The man looked around. He pulled his glove off, drew the camera up to eye height and looked through the viewfinder. It clicked quietly as he swept the lens around the room, taking in the rough wood cabinet standing next to the small window and the fireplace, cold, tucked into the back wall, cordwood neatly stacked nearby. A couple of bunks, neatly made, stood head-in against the far wall. The cabin looked ready for a hunter to come and use it, as was the custom in the far north woods.

He tromped across the room on his snowshoes, dribbling a trail of melting snow behind him. As he walked, he swayed from side to side like an overweight duck.

He opened the cabinet and peered inside. A can of lard, a neatly closed, partially used five-pound bag of flour and a box of cornmeal stood on the shelf. He closed the cabinet door and continued his exploration.

His glance swept over the table, then his eyes opened wide as he saw a single brown hair resting on one of the chairs. He carefully picked it up and held it up to the dim twilight from the single window. It was stiff and straight like a strand of bear fur. He stroked it and smiled, then patted his side pocket, feeling for the zipper with his fingers. He fumbled with the zipper pull, his fingers slipping off. He tried the other side pocket but couldn’t make his fingers close around it. He set the hair carefully on the table, took his other glove off and began rubbing his hands together and blowing on them.

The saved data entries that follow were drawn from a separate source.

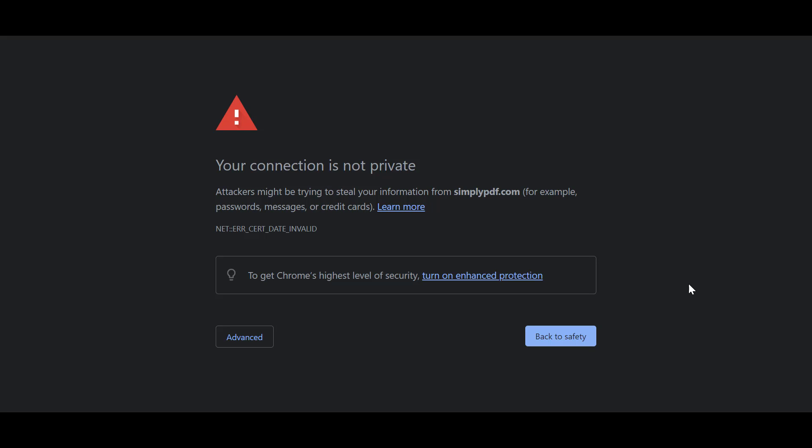In this video, I'll be showing you how to fix 'your connection is not private' on Google Chrome. This is quite a simple fix and I'm going to show you exactly how to do this.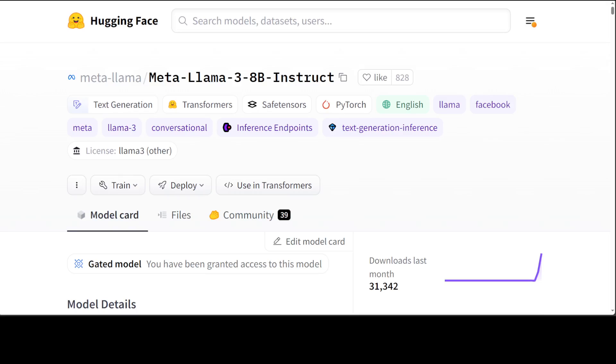Llama 3 is an auto-regressive language model that uses an optimized transformer architecture. The tuned version used supervised fine-tuning and reinforcement learning with human feedback (RLHF) to align with human preferences for helpfulness and safety.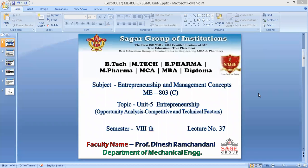Let us start with the lecture. This is the second last class of our course, which is Unit 5 on Entrepreneurship. Today we'll go through the opportunity analysis. The basic parameters will be competitive and technical factors.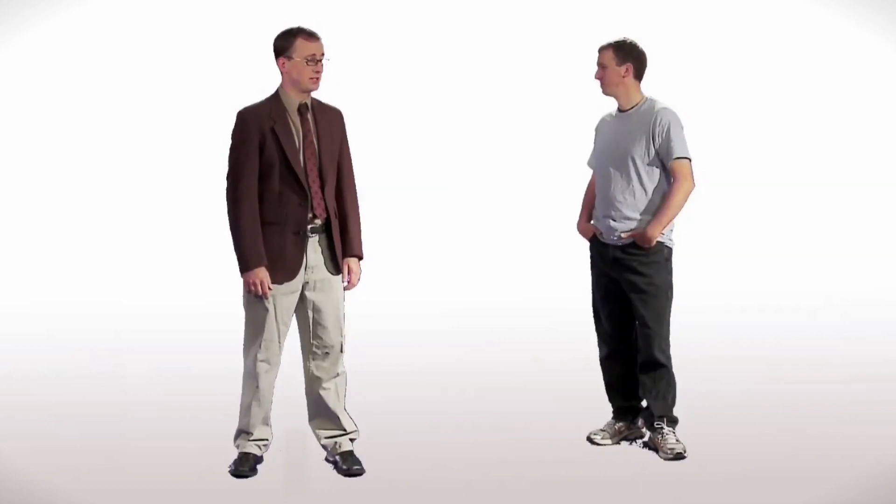Hello, I'm a Mac. And I'm a PC. You know, Mac, I hate to brag, but I have this new snapshot feature that I'd like to show off.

“Stay there, my lovely,” he said to the hair. “I’ll take you to the lab for a DNA test, and then we’ll prove to the world they exist.” The man grinned.

There was a rumbling from under the floorboards. A low, angry growl like a bear who was very unhappy to be disturbed. Then, another growl joined in.

The man’s eyes widened and he hastily pulled his gloves on and, as quietly as his snowshoes would allow, waddled his way out of the cabin and gently closed the door behind him, leaving the hair laying on the table, forgotten. The rapid crunch of his snowshoes faded into the forest.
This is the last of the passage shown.